====== Provided records ======

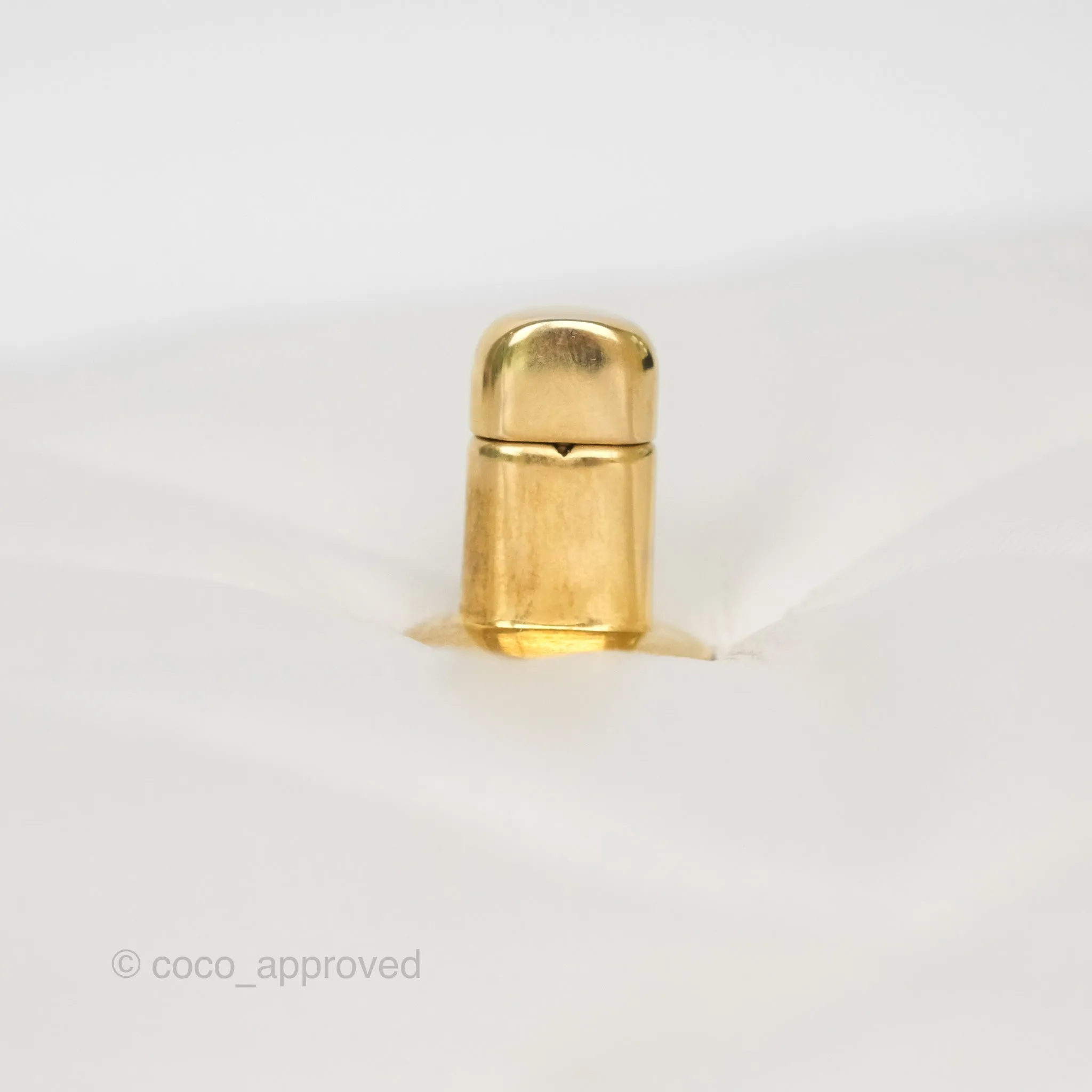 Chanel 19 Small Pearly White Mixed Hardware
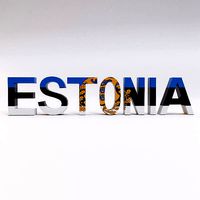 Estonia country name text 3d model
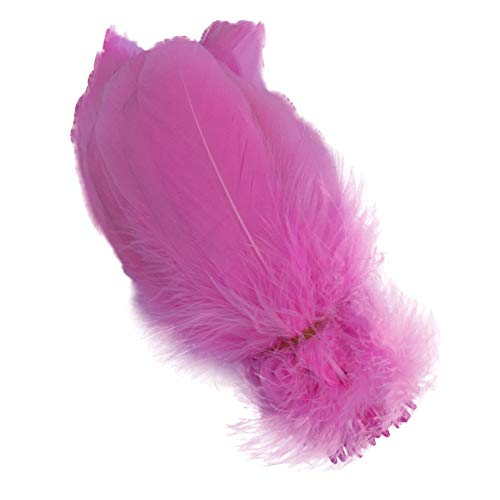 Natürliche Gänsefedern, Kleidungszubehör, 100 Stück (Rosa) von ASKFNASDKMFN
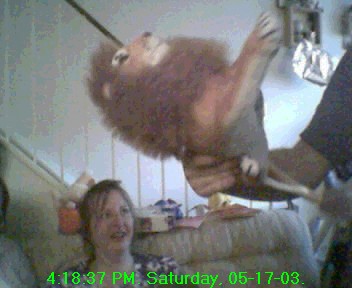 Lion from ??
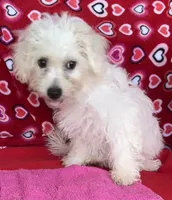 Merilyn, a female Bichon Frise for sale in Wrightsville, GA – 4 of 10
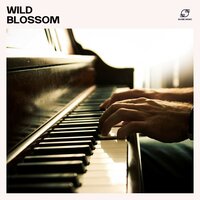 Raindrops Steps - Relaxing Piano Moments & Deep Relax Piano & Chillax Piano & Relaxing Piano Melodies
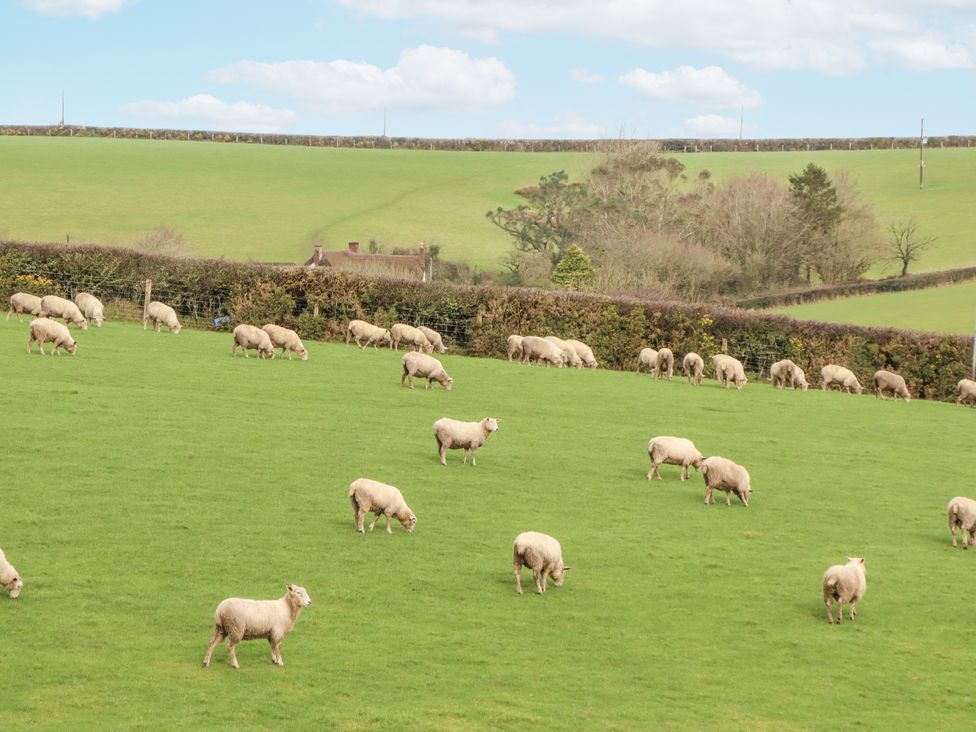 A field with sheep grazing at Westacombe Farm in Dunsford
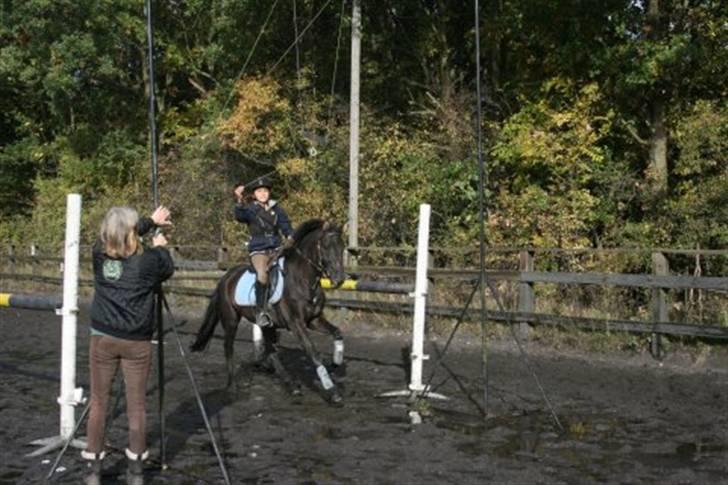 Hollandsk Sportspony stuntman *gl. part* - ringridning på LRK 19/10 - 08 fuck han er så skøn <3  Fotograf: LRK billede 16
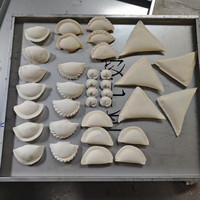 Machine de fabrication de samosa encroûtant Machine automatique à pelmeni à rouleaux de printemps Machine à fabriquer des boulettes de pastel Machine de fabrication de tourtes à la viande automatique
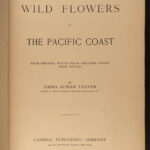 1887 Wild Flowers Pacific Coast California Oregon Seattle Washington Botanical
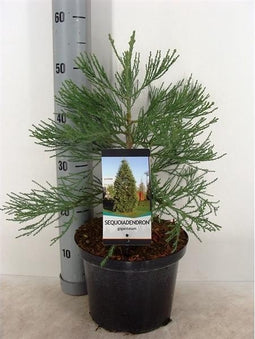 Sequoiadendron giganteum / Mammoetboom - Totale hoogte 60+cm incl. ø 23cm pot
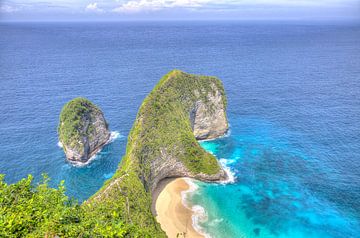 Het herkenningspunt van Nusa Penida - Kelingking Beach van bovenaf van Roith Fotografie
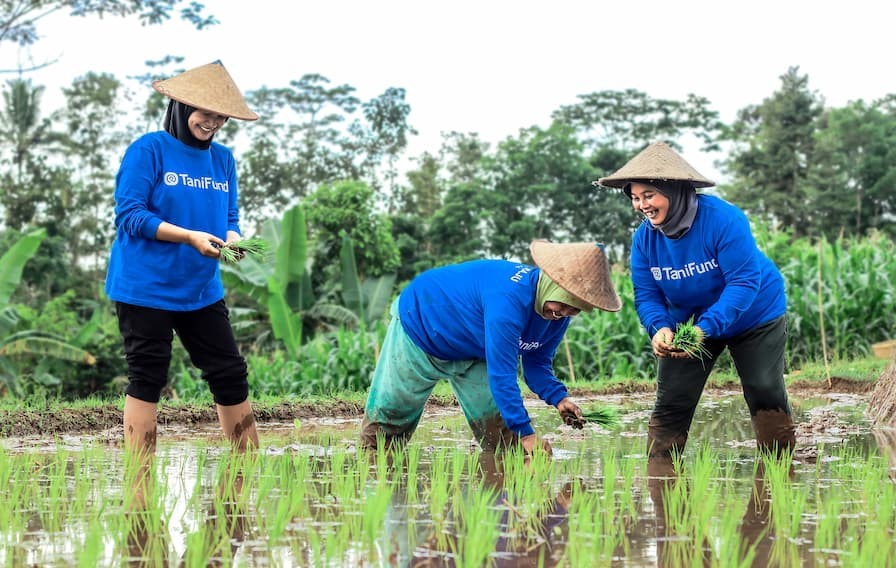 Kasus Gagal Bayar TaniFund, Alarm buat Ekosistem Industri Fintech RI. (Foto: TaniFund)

======
====== Provided records ======

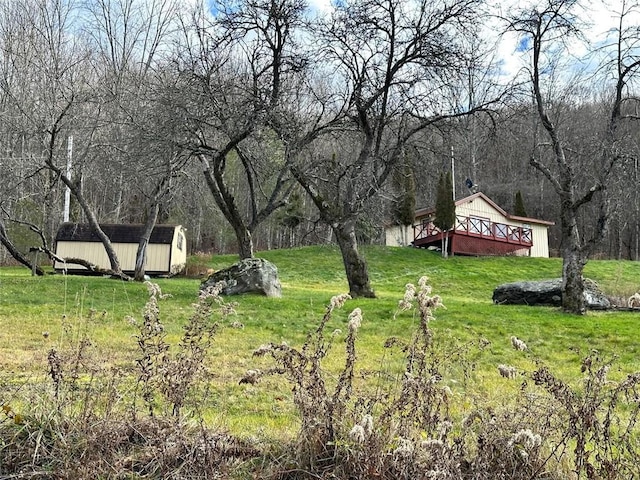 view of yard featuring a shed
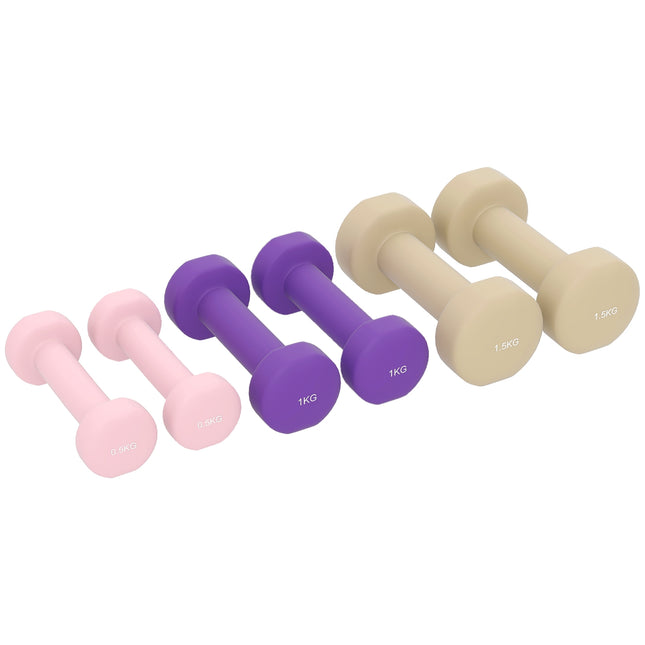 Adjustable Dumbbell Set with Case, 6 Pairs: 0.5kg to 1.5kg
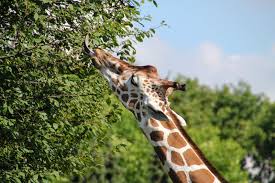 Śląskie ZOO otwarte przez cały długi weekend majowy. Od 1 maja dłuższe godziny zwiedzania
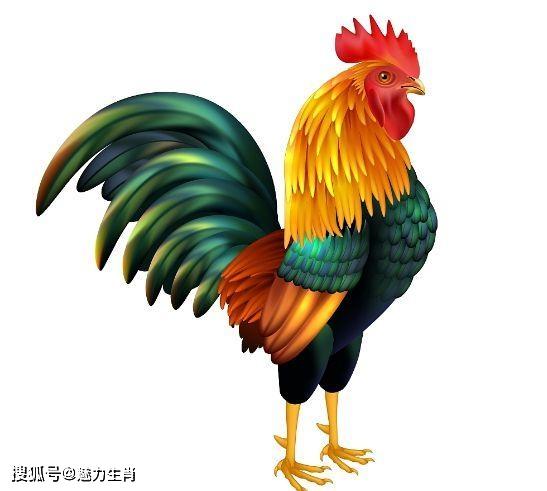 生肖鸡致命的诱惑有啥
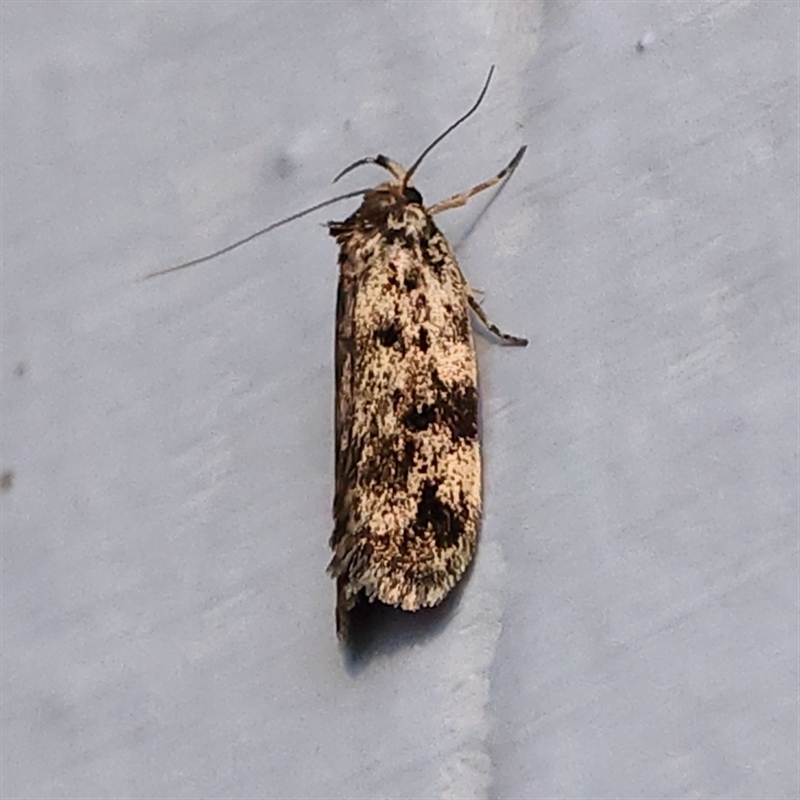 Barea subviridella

======
====== Provided records ======

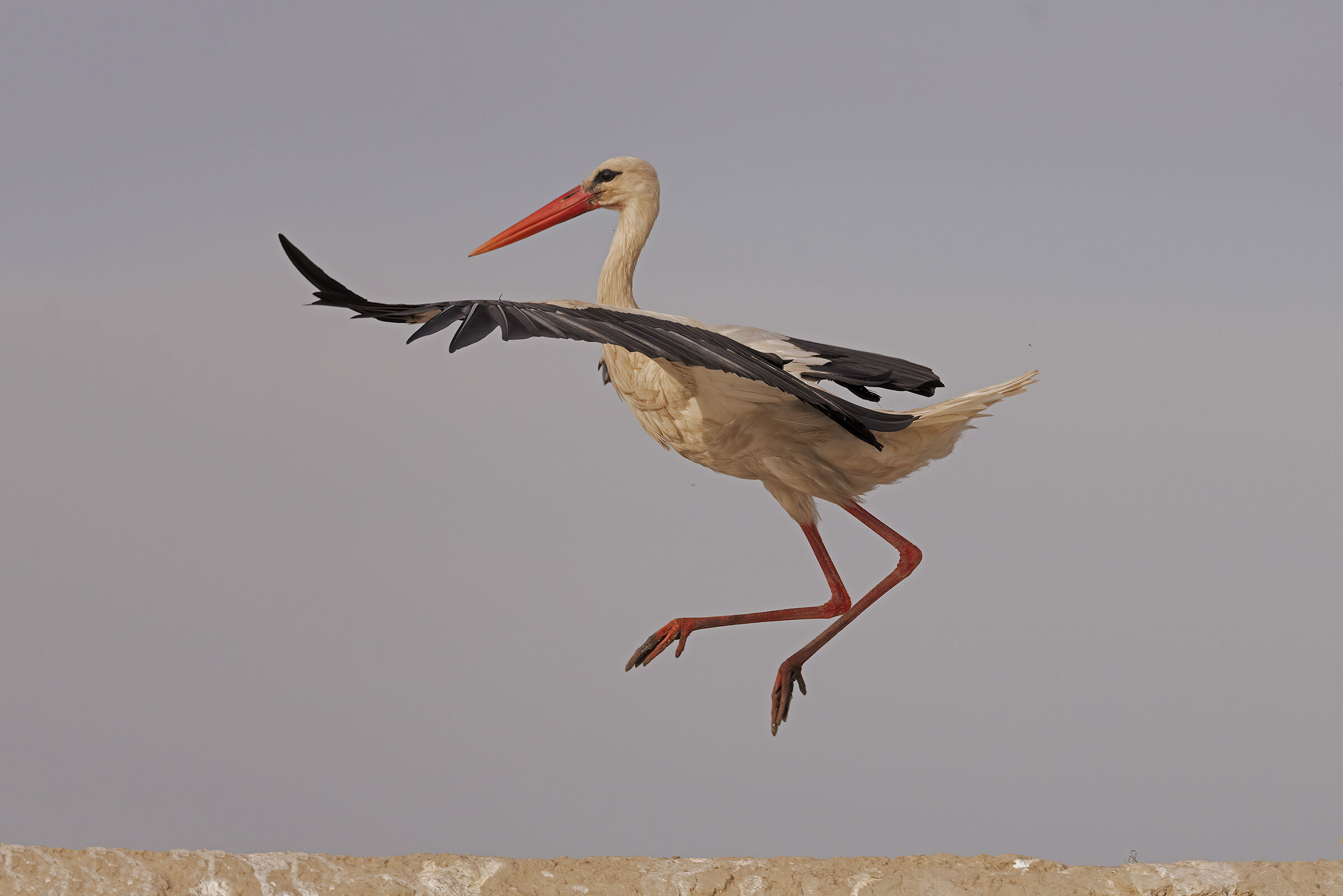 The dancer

======

◆ Work to be completed
Exactly as written above, retype the lines starting at the one holding "Estonia country name text 3d model" and ending at the one holding "A field with", both included, but not the pictures.

◆ Your response
 Estonia country name text 3d model
 Natürliche Gänsefedern, Kleidungszubehör, 100 Stück (Rosa) von ASKFNASDKMFN
 Lion from ??
 Merilyn, a female Bichon Frise for sale in Wrightsville, GA – 4 of 10
 Raindrops Steps - Relaxing Piano Moments & Deep Relax Piano & Chillax Piano & Relaxing Piano Melodies
 A field with sheep grazing at Westacombe Farm in Dunsford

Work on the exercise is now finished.